5. Nachbetrachtung und Perspektiven – Ein Rückblick auf Entstehung und Anliegen der Hausarbeit

6. Literaturverzeichnis

7. Anhang - Spielmappe
7.1 Das Spiel „Freibad“
7.2 Das Spiel „Wer kriegt die Mathe-Eins?“

Einleitung

Es ist der 27. August 2007. Geraden eben hat Europas größte Spielemesse, die Games Convention in Leipzig, ihre Pforten geschlossen. Wie jedes Jahr wurde eine Vielzahl neuer Trends im Sektor Video- und Computerspiele vorgestellt. Tausende Journalisten berichteten live aus Leipzig in die ganze Welt, während die Joysticks und Gamepads der Besucher glühten. Wieder einmal wurde ein neuer Besucherrekord aufgestellt. Weit über 150 000 Gäste haben in den vier Tagen seit dem 24. August 2007 die Leipziger Messehallen gesäumt, unzählige Staus in der Leipziger Innenstadt verursacht und Warteschlangen vor Monitoren, Leinwänden und Konsolen erzeugt. Alle diese spielebegeisterten Menschen von Jung bis Alt hatten nur eines im Sinn: Ihre Neugier und ihren Spieltrieb stillen, Neuentwicklungen ausprobieren und sich über Neuheiten im Spielesektor zu informieren.

Mittlerweile stößt die Games Convention aber an ihre Kapazitätsgrenze. Weil nervende Warterei und Gedrängel in den Messehallen Leipzigs in den letzten Jahren zunahmen und den Spaß am Spielen rauben, ist ein Umzug der Spielemesse in größere Ausstellungsräume mit mehr Platz längst beschlossene Sache. Außerdem haben sich Aussteller und Veranstalter des Erfolgsproduktes Games Convention ein großes Ziel gesetzt: Sie wollen ihr Kundenklientel erweitern. Neben den traditionellen Zielgruppen Kinder, Jugendliche und Männer sollen nun auch Frauen und Kleinkinder angesprochen werden.
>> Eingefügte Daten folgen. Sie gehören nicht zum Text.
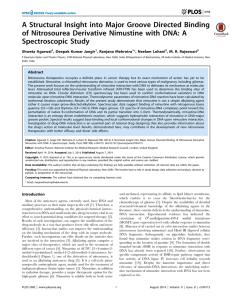 A Structural Insight into Major Groove Directed Binding of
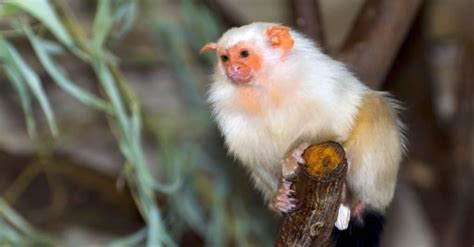 Types of Monkeys: 10 Monkey Breeds You Should Know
Dies will man mit einer teilweisen Umorientierung des Spielemarktes erreichen. Neben den traditionellen Simulationen, Fantasy– und Adventure – Games, Egoshootern und Rollenspielen sollten 2007 auch erstmals Gesellschafts- und Lernspiele für Familien und die ganz Kleinen in die Messe integriert werden. Man darf gespannt sein, ob das Konzept aufgeht.

Statistiken belegen zumindest, dass Kinder in ihren ersten vier Lebensjahren über zehntausend Stunden spielen. Indem sie noch unbewusst handeln, beginnen sie bereits in dieser ersten Phase ihres Lebens damit, sich auf spielerische Art und Weise die Realität anzueignen, bevor sie später bewusster handeln und sich damit einen Entwicklungsraum für Phantasie und Kreativität schaffen.[1]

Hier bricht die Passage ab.